A reação foi rápida, articulada e estratégica. Em uma iniciativa sem igual na Amazônia, prefeitura e 51 entidades de classe, incluindo os sindicatos rural e florestal, mobilizaram-se para formar um pacto de desmatamento zero. De um dos maiores polos madeireiros ilegais, Paragominas pleiteava uma nova via de desenvolvimento que apagasse o carimbo de desmatador.

Adnan Demachki (PSDB), o pragmático prefeito do município, afirma que a parceria com o setor produtivo foi crucial para dar os passos iniciais no processo de reordenamento ambiental. “Os agricultores vinham aqui reclamar que não conseguiam vender soja para a Bunge e a Cargill porque Paragominas estava na lista”, diz ele. “Vimos a oportunidade na crise”.

A primeira ação foi puxar para a mesa órgãos fiscalizadores, setor produtivo e ambientalistas, costurando um entendimento que permitisse a regularização sem punição. A partir daí, os proprietários rurais buscaram o chamado Cadastro Ambiental Rural (CAR), um instrumento de identificação exigido por lei onde constam as coordenadas georreferenciadas do imóvel, com seus limites, áreas abertas e remanescentes florestais.

Através do CAR, Paragominas mapeou cerca de 85% de seu território. Além disso, estancou a derrubada do que sobrou da mata. O corte raso, que arrasta tudo o que tem pela frente, acabou. Extração, agora só com plano de manejo.
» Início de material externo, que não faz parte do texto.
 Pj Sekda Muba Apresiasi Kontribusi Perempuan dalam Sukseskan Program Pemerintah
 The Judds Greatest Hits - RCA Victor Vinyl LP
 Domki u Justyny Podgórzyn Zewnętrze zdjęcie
Uma outra novidade foi o monitoramento por satélite. Paragominas tornou-se o único município do país a receber um boletim mensal sobre a situação da floresta, produzido pelo Instituto do Homem e Meio Ambiente da Amazônia (Imazon). Quando as lentes detectam um foco de desmate, a informação é repassada à prefeitura, que aciona a Secretaria do Meio Ambiente. Graças ao CAR é possível saber com precisão onde está o problema. “Estamos dando nomes aos bois”, diz Francisco Fonseca, da The Nature Conservancy, que ajudou no cadastro das propriedades.
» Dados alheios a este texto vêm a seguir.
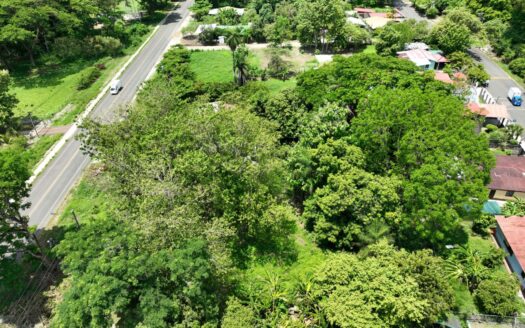 1,990 m² Lot for Sale in Santa Rita, Nandayure – Prime Location & Great Price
Por ter saído da lista negra e ganhado projeção nacional, Paragominas inspirou outros municípios do Pará a seguir caminhos similares. Entre 15 e 20 prefeituras estão em estágios diferentes de interesse no assunto – algumas em conversas iniciais, outras já começando a agir, caso de São Félix do Xingu.

O efeito multiplicador, porém, pode não ser fácil. Como tudo na Amazônia, as pressões contrárias também têm proporções gigantescas. “Mudar a cultura ambiental é um trabalho de gerações”, lembra Paulo Amaral, pesquisador do Imazon. A prova de fogo está no próximo passo após o CAR. Os donos de imóveis deverão obter o Licenciamento de Atividade Rural, documento que prevê, entre outras coisas, a solução para o passivo ambiental. O gargalo continua sendo a Reserva Legal – a porção de cobertura florestal na propriedade – e a recomposição das Áreas de Preservação Permanente (APP).
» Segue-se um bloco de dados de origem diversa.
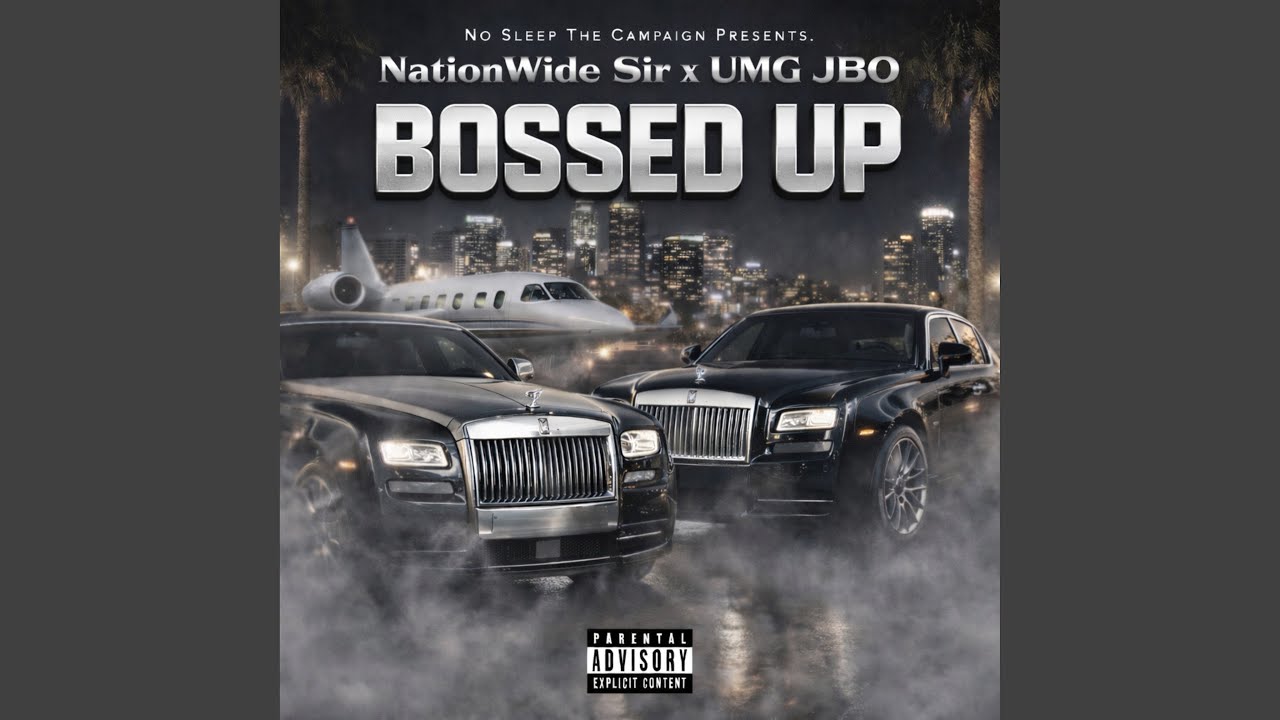 BOSSED UP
Paragominas ainda não conhece o seu déficit, e o objetivo do convênio é trabalhar em cima desses dados na segunda fase do projeto. A experiência mais próxima que se tem registro é em Lucas do Rio Verde (MT), o primeiro município a ser 100% rastreado – e lá produtores e ambientalistas ainda buscam um acordo sobre como e onde compensar a floresta derrubada.

O desafio é manter esse espírito de preservação enquanto mudanças estruturais na economia da Amazônia não se firmam. O processo de valoração dos ativos pelos serviços ambientais prestados pela mata – água, biodiversidade, carbono – cresce de importância, mas ninguém prevê uma realidade nova em menos de dez anos.

No Pará, contas estimadas do governo apontam para um desembolso de R$ 15 bilhões para a recuperação de 7 milhões de hectares degradados, mais que os R$ 9 bilhões do PIB da pecuária. “A conclusão é que quem tem R$ 9 bilhões de riqueza não paga R$ 15 bilhões. Quem paga a conta hoje?”, questiona um fonte do governo.

Corrupção, vista grossa do Estado e a má-fé de alguns produtores também colocam em xeque as iniciativas inovadoras. Planos de manejo forjados ainda são detectados na Secretaria do Meio Ambiente.

Pressões como essas podem corroborar um número que deixou Paragominas em suspenso: a revisão para cima do desmatamento. Segundo dados consolidados do Instituto Nacional de Pesquisas Espaciais (Inpe), o desmate em 2009 pode ter subido dos 21 Km² estimados em novembro – queda substancial frente a 2008 – para 77 Km². As imagens serão analisadas e apresentadas esta semana. Se comprovadas, Paragominas corre o risco de voltar ao banco dos réus.